While there was only one applicant for .kosher, a subsidiary of OK Kosher, Kosher Marketing Assets LLC, which certifies more than 500,000 products and offices around the world, it drew criticisms from a number of Jewish organisations such as the Union of Orthodox Jewish Congregations of America, STAR-K Kosher Certification Inc. (STAR-K), Chicago Rabbinical Council (cRc), Kosher Supervision Service Inc. (KOF-K) and the Kashruth Council of Canada (COR) reported Haaretz.

However, Rabbi Moshe Elefant, chief operating officer of OU Kosher, made clear in an interview with the Jewish Journal on 23 January that he still had doubts about how OK Kosher would use the newly delegated gTLD.

“We don’t believe that any one group should have control over the word ‘kosher,’ Elefant told the Jewish Journal. “If one kosher certifying agency has control over which businesses could obtain Web addresses ending in .kosher, he said, any business that wanted to have such a presence on the Web would be forced to sign up with OK Kosher.”

But according to the report “an expert working for the International Chamber of Commerce rebuffed this objection and awarded the right to manage .kosher” to OK Kosher “on 14 January concluding that there was no proof that it would have a negative impact reported the Jewish Journal.

“Competitors claim OK Kosher would use the domain to attain an unfair competitive advantage in the kosher certification business, but the International Chamber of Commerce rejected their objection,” reported Haaretz.

“OK Kosher’s head of public relations, Rabbi Chaim Fogelman, told the Jewish Journal that the company is not yet sure what it will do with the new domain, but it will be in line with their mission of “kosher without compromise.”

But there is a background to the battle over the rights to .kosher. “There’s a long history of intense rivalry — but also cooperation — between kosher certifiers in the United States,” reported the Jewish Journal. “Today, a consumer food product may have only one kosher symbol on its package, but it’s likely that its ingredients are certified by different agencies.”

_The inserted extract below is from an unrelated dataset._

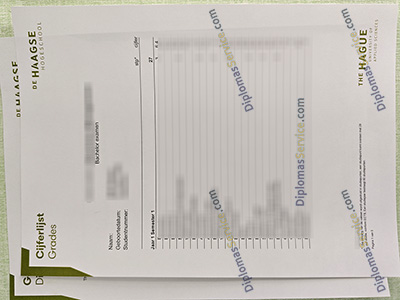 Haagse Hogeschool cijferlijst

That balance between competition and cooperation is a delicate one, and this dispute could push that system in one way or another, Timothy Lytton, a professor at Albany Law School whose book “Kosher: Private Regulation in the Age of Industrialized Food” was published last year. Gaining control over .kosher could give OK Kosher increased Internet traffic, he said.

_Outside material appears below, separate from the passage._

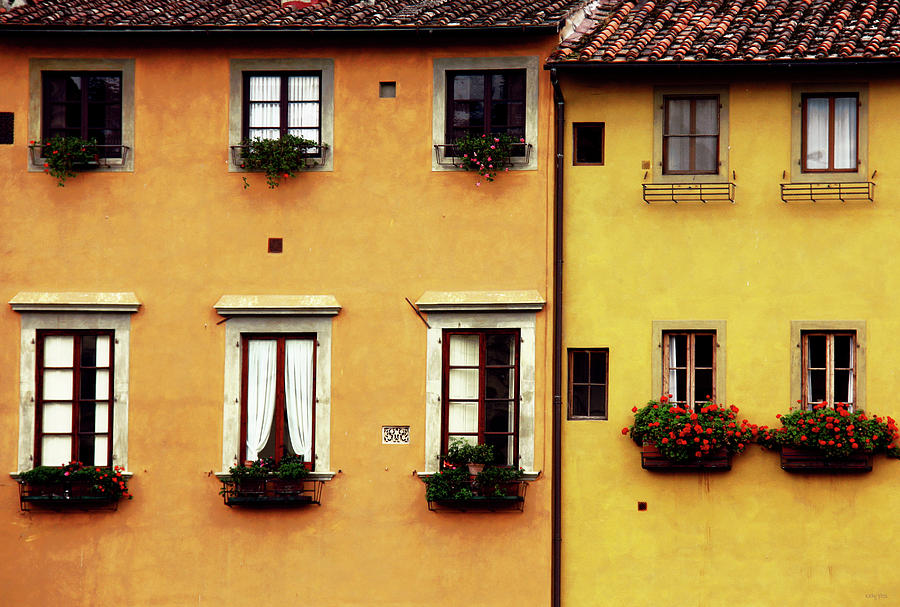 Architecture Photograph - Florence Windows and Flower Boxes by Kathy Yates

“If that could be translated into greater market control or greater control over public understanding of kosher standards, that might push [the American system of kosher certification] in the direction of centralised control,” he said.

And while there is an application fee of $185,000 to apply for a gTLD, and many other costs, those opposing the bid spent around $100,000 on fees to ICANN and lawyers. And they could spend more to appeal the decision.

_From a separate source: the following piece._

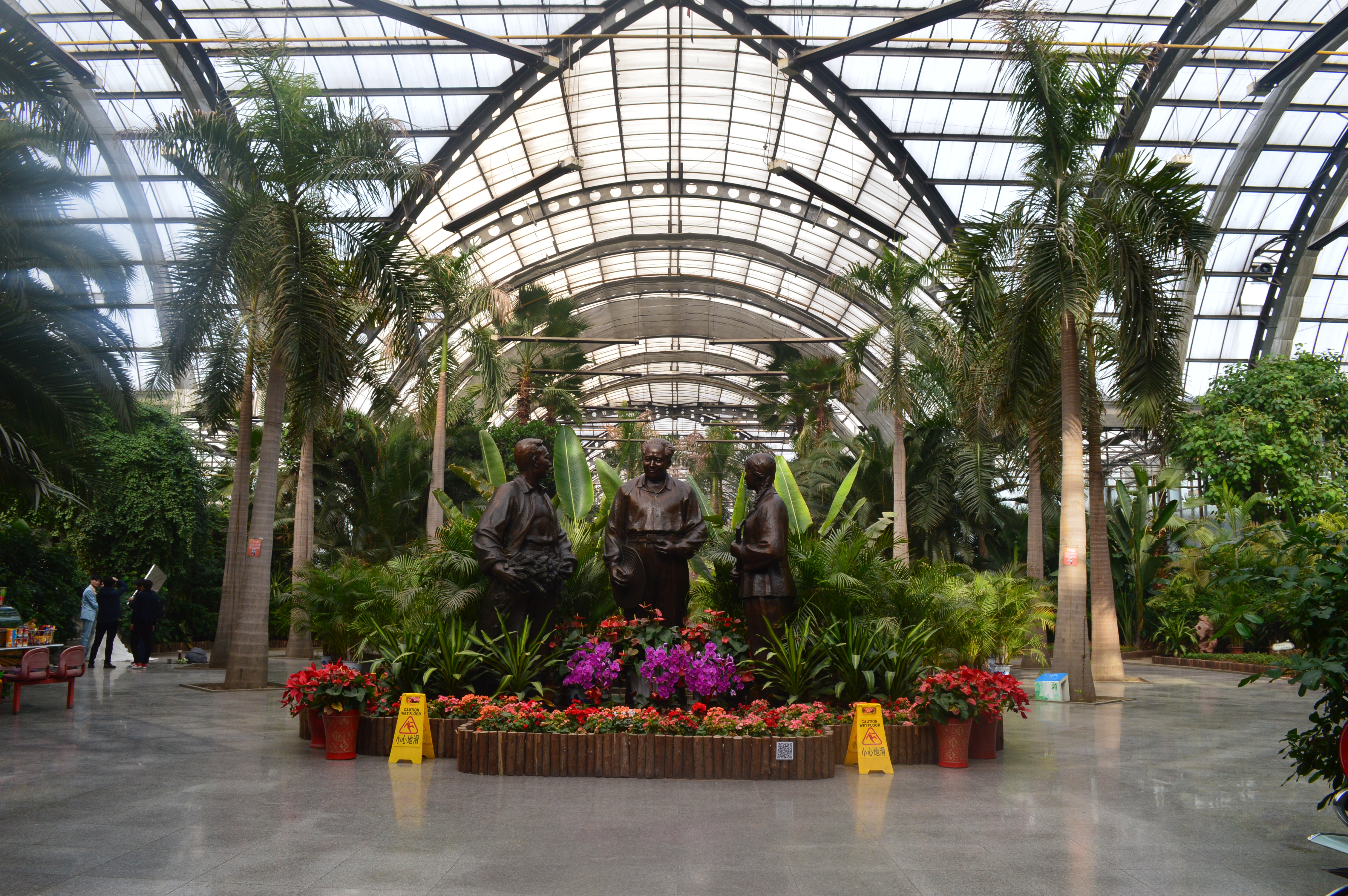 天津热带植物园图片图片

Elefant told the Jewish Journal that when news of OK’s application to take control of .kosher reached him at the OU in late 2012, it was a surprise.

“We were never informed by OK of their application,” he said. “We happened to find out — and religious Jews don’t like to use this word — coincidentally.”

Before they took their objection to ICANN, though, the OU, together with the four other agencies, approached OK Kosher according to the report. A meeting was held in January 2013 to see if some kind of mutually acceptable agreement could be reached.

But if the OU’s preference was for no agency to own the gTLD .kosher, OK Kosher took a different attitude. Fogelman said the .kosher gTLD has “enormous potential to spread kosher and educate about kosher.” Furthermore, Fogelman believes there is a danger to leaving the .kosher gTLD on the table.

“Allowing it to be directed by people who are either not qualified or have ulterior motives for managing .kosher has the potential for great disaster,” he said.